------ Information provided ------

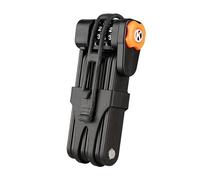 Lucchetto Combinazione di lucchetto per bicicletta Proteggi due bici Antifurto Password pieghevole Pratica bici elettrica per moto Bloccadisco Moto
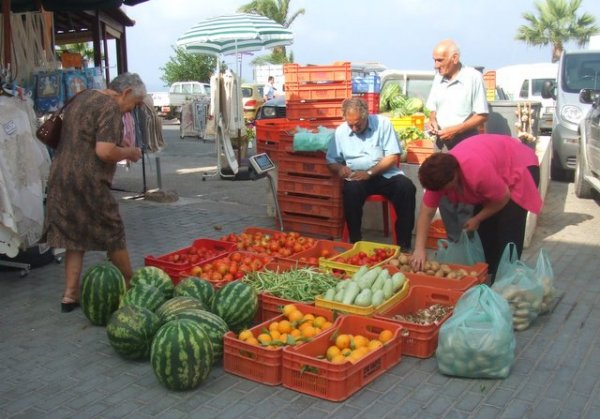 Market Paphos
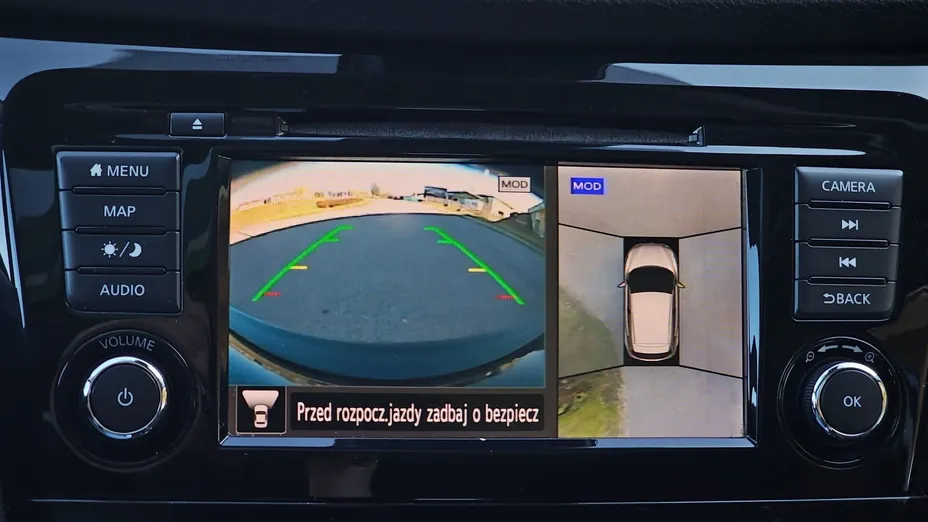 NISSAN Qashqai Qashqai 1.3 DIG-T N-Connecta DCT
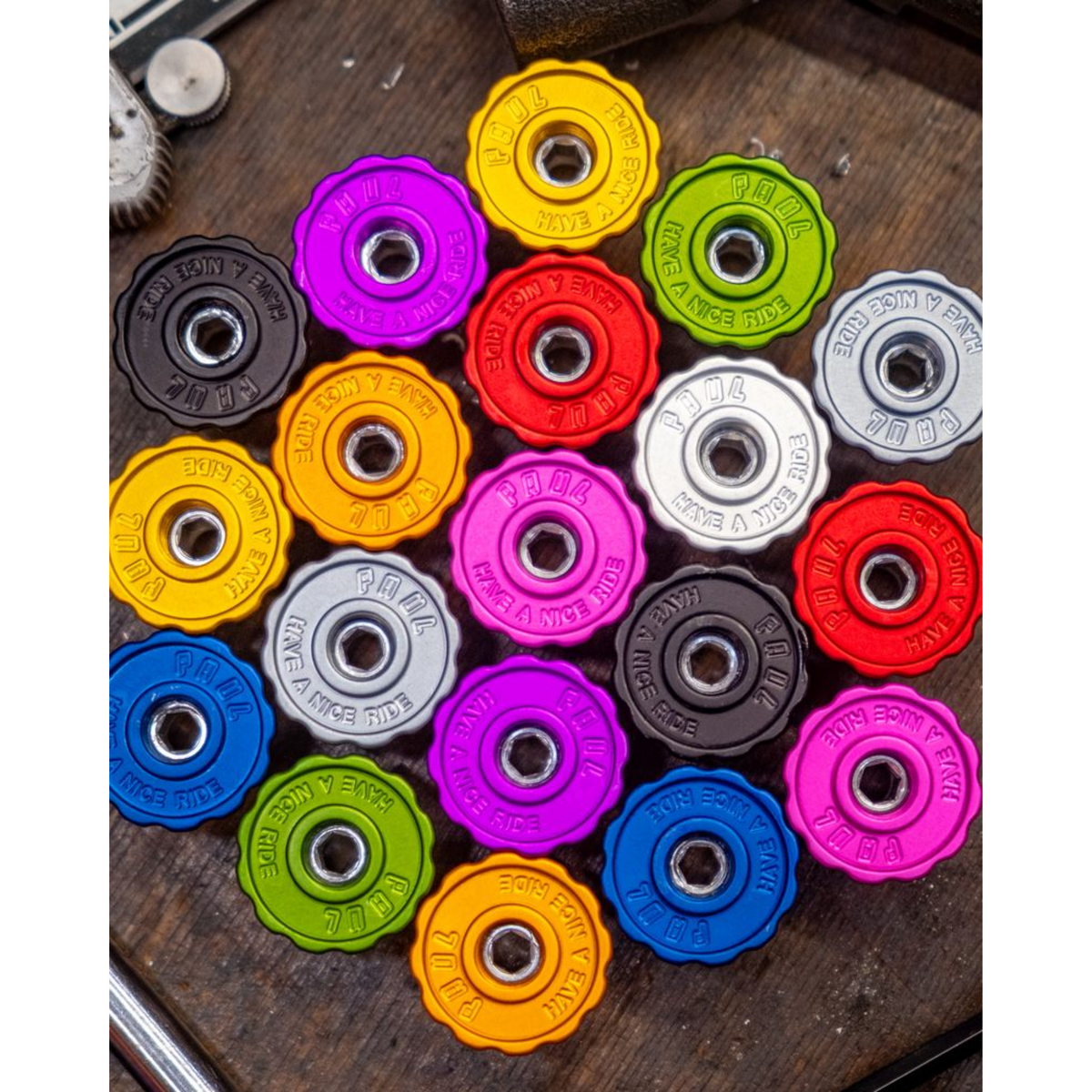 Paul Components BEP- Bar End Plug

------

Your task → Every line above should be printed again word for word, without its pictures.

Output of the exercise →
 Lucchetto Combinazione di lucchetto per bicicletta Proteggi due bici Antifurto Password pieghevole Pratica bici elettrica per moto Bloccadisco Moto
 Market Paphos
 NISSAN Qashqai Qashqai 1.3 DIG-T N-Connecta DCT
 Paul Components BEP- Bar End Plug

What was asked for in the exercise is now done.